EXERCISE GOAL: Set down, exactly as written, the lines from the line holding "PUMA Mens Graphic" to the end of the data, inclusive, skipping any pictures.
BEGIN EXERCISE MATERIALS
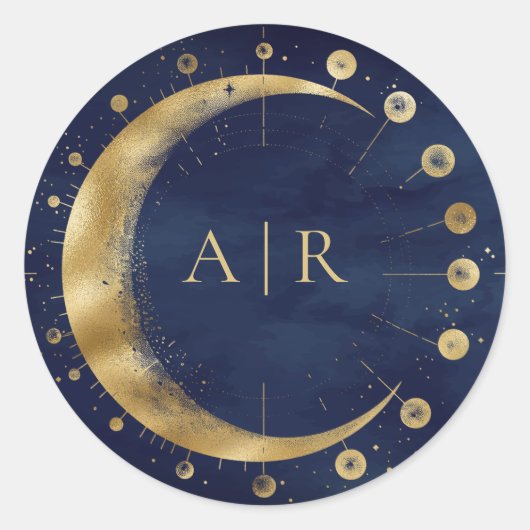 Navy Blauw Gouden Halve Maan Bruiloft Envelop Afdi Ronde Sticker (Voorkant)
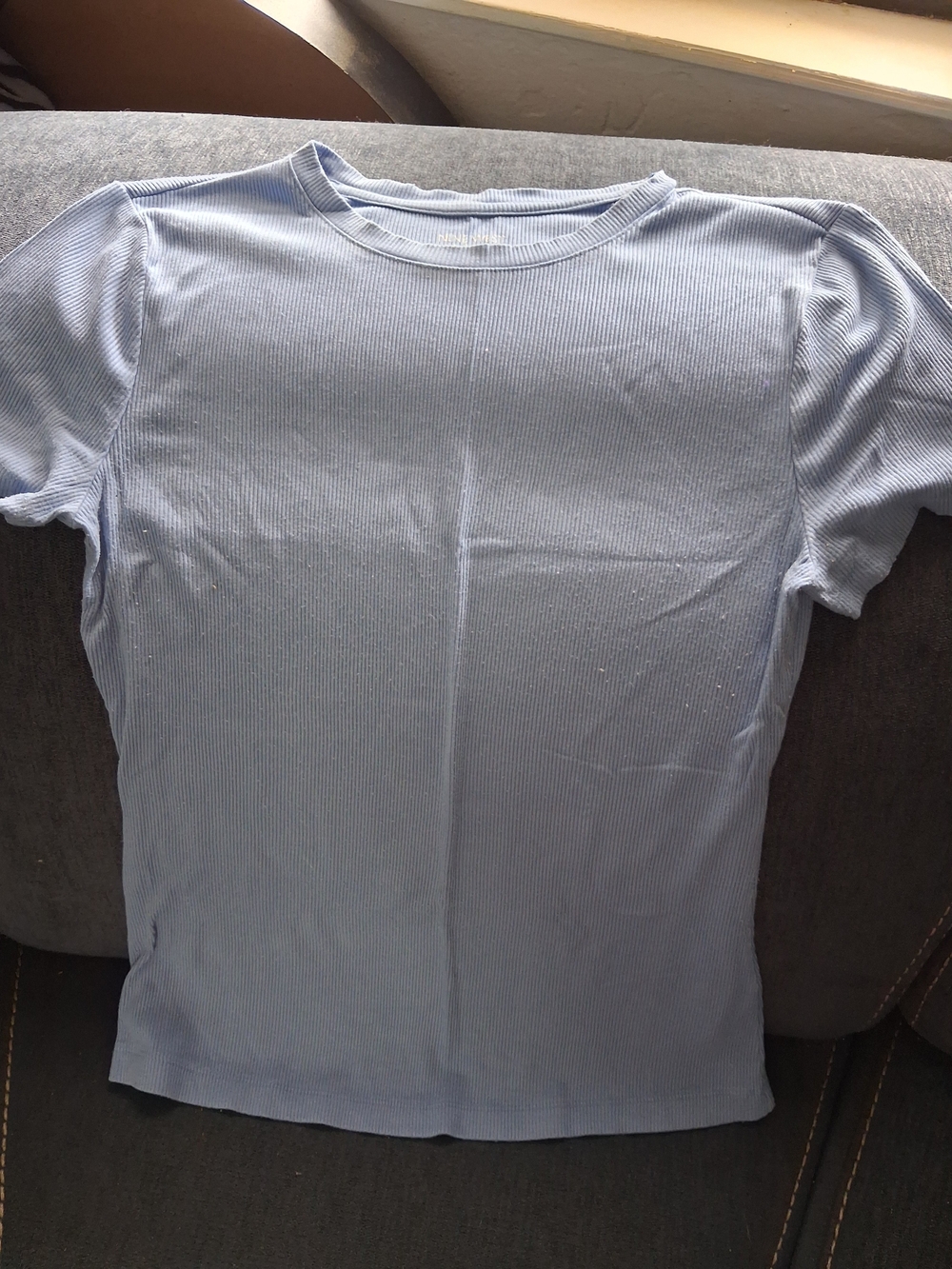 Nine West Light Blue Ribbed Crew Tee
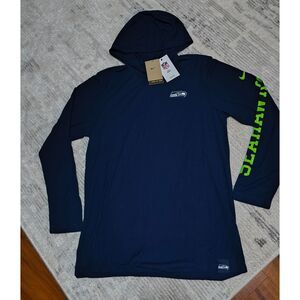 Nike NFL Seattle Seahawks Hooded Long Sleeve Shirt Mens M Blue Team Apparel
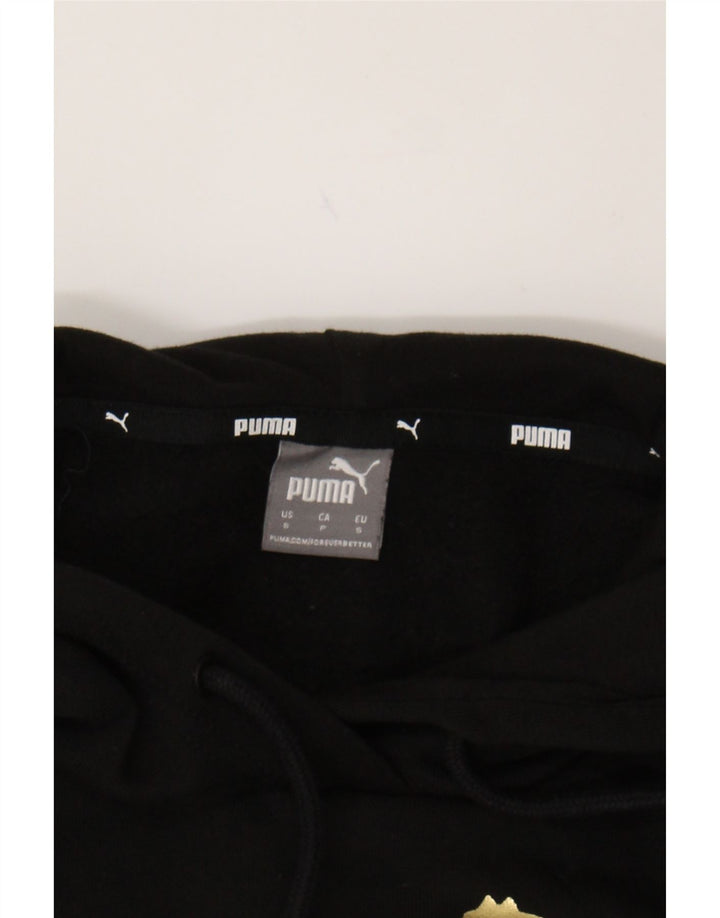 PUMA Mens Graphic Hoodie Jumper Small Black Cotton Vintage Puma and Second-Hand Puma from Messina Hembry 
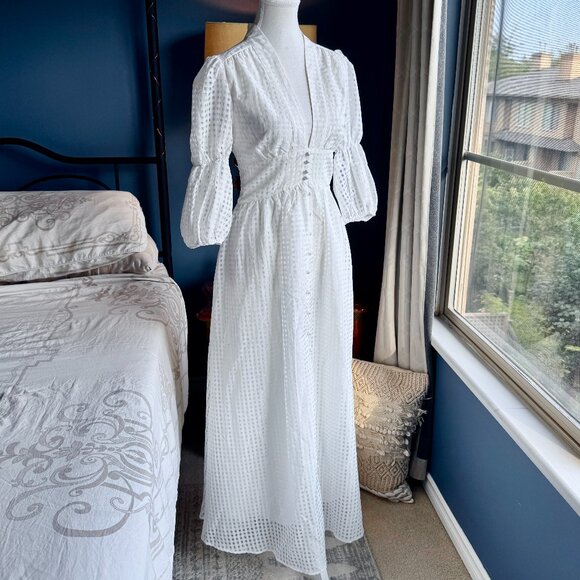 White 3/4 Puff Sleeve Maxi Dress - Picture 2 of 15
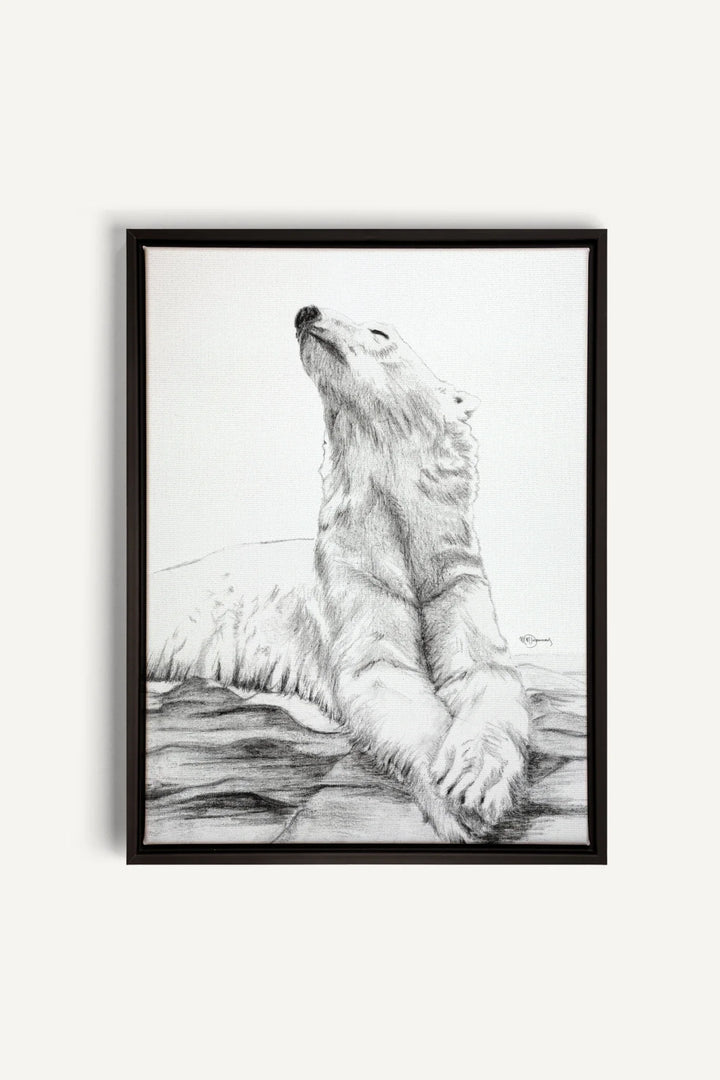 Polar Bear Sunbath Print, canvas print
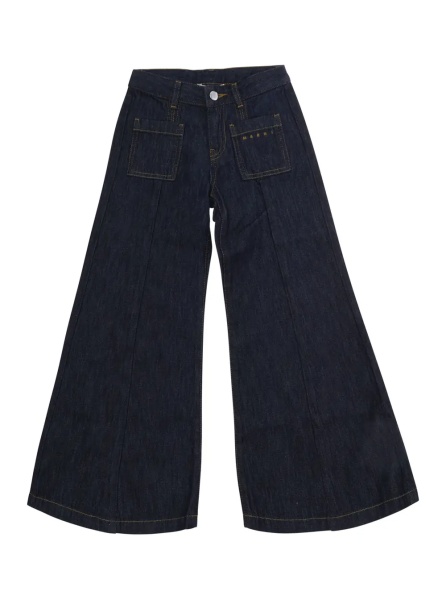 Blugi Blue Jeans with logo lettering on the front and contrasting stitching in denim Girl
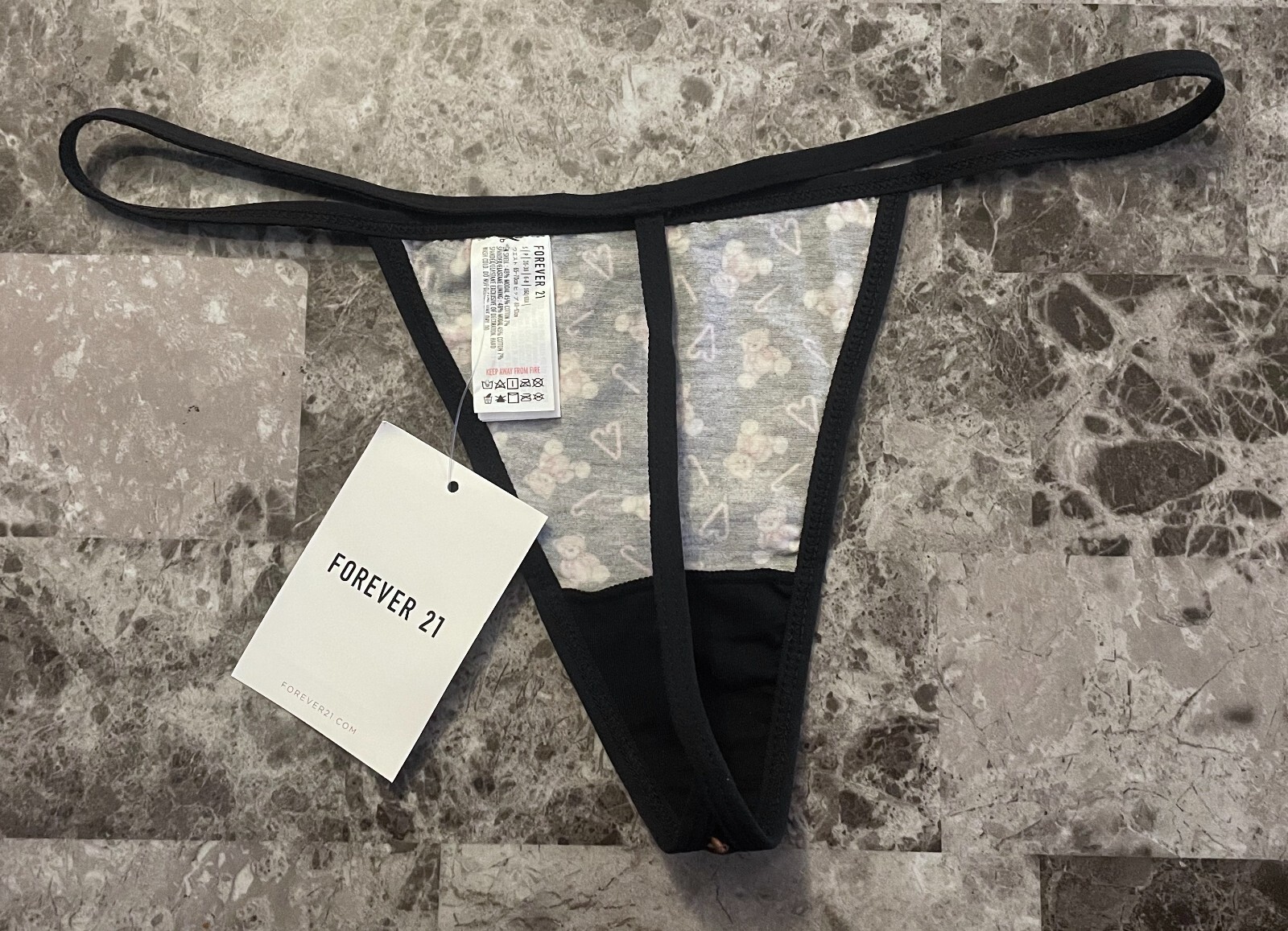 NWT FOREVER 21 TEDDY BEAR CANDY CANE HEART MODAL COTTON SPANDEX V STRING PANTIES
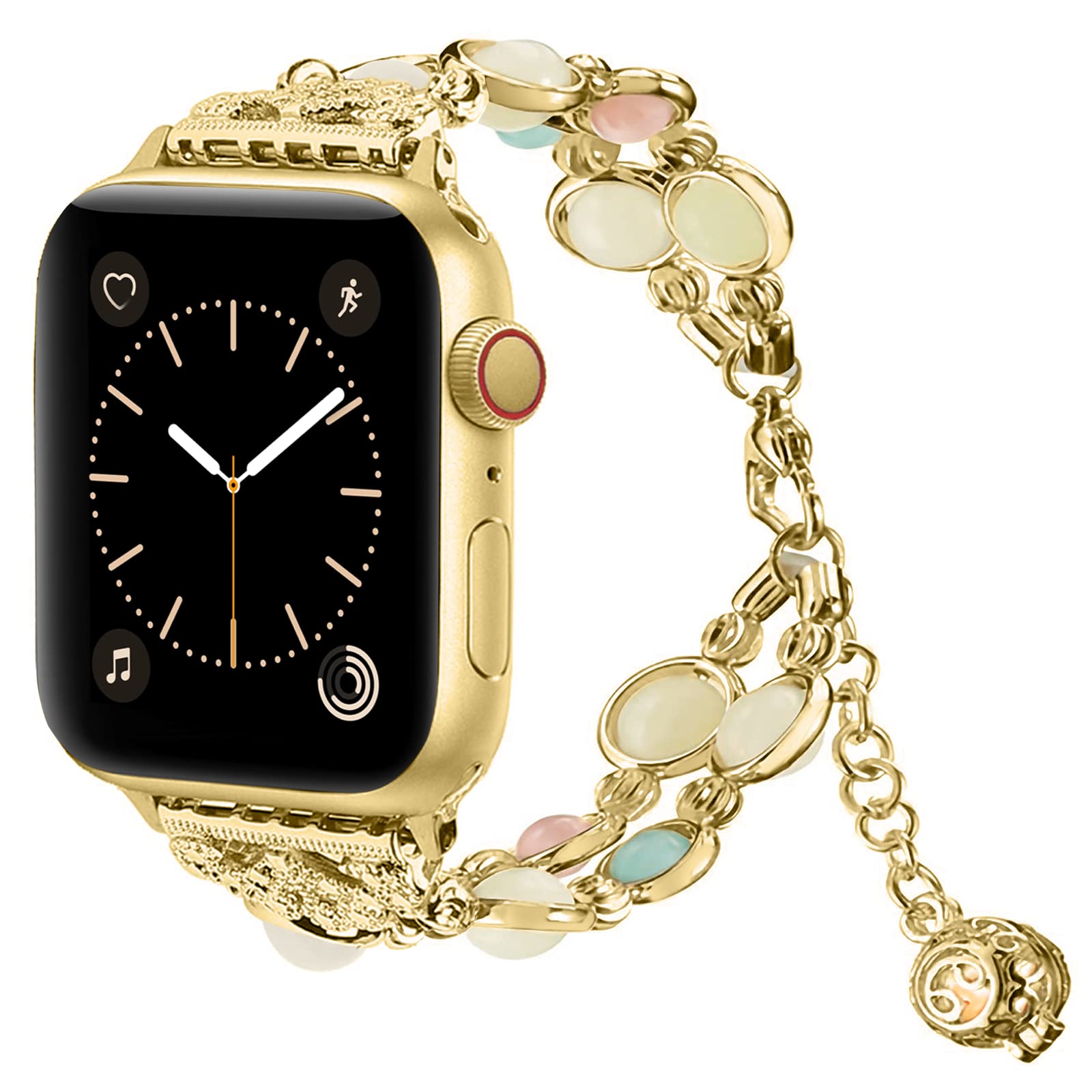 Vamyzji Compatible Apple Watch Straps 42mm(Series 11 10) 41mm 40mm 38mm, For Apple Watch Series 11 10 9 8 7 SE 6 5 4 3 2 1, Elegant Designer Luminous Beads Women Ladies iWatch Strap Bracelet,Gold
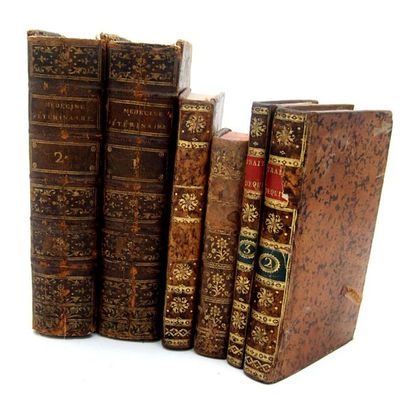 null [Hippologie]. Ensemble de 6 volumes reliés XVIIIe, avec défauts, et orphelins,...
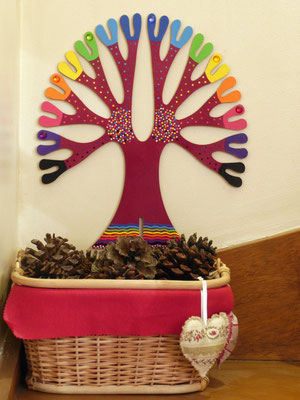 Arbre éventail, brun et arc-en-ciel, 37 cm
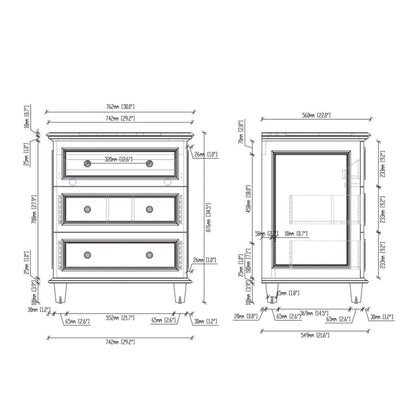 Laviva Luna 30" Espresso Vanity Base and White Stripes Marble Countertop with Rectangular Ceramic Sink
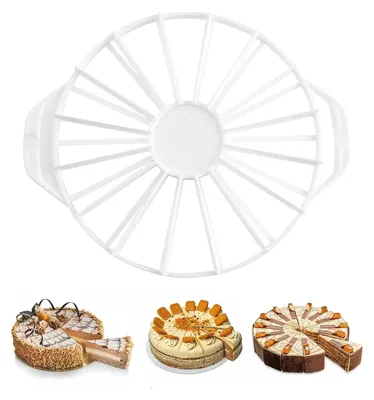 Produktbild von Classic Torten-Einteiler Kunststoff 31,5 cm, Tortenteiler, Kuchenteiler von 14 oder 16 gleichgroßen Stücken, Torteneinteiler beidseitig verwendbar, Weiß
END EXERCISE MATERIALS
TASK ANSWER:
 PUMA Mens Graphic Hoodie Jumper Small Black Cotton Vintage Puma and Second-Hand Puma from Messina Hembry 
 White 3/4 Puff Sleeve Maxi Dress - Picture 2 of 15
 Polar Bear Sunbath Print, canvas print
 Blugi Blue Jeans with logo lettering on the front and contrasting stitching in denim Girl
 NWT FOREVER 21 TEDDY BEAR CANDY CANE HEART MODAL COTTON SPANDEX V STRING PANTIES
 Vamyzji Compatible Apple Watch Straps 42mm(Series 11 10) 41mm 40mm 38mm, For Apple Watch Series 11 10 9 8 7 SE 6 5 4 3 2 1, Elegant Designer Luminous Beads Women Ladies iWatch Strap Bracelet,Gold
 null [Hippologie]. Ensemble de 6 volumes reliés XVIIIe, avec défauts, et orphelins,...
 Arbre éventail, brun et arc-en-ciel, 37 cm
 Laviva Luna 30" Espresso Vanity Base and White Stripes Marble Countertop with Rectangular Ceramic Sink
 Produktbild von Classic Torten-Einteiler Kunststoff 31,5 cm, Tortenteiler, Kuchenteiler von 14 oder 16 gleichgroßen Stücken, Torteneinteiler beidseitig verwendbar, Weiß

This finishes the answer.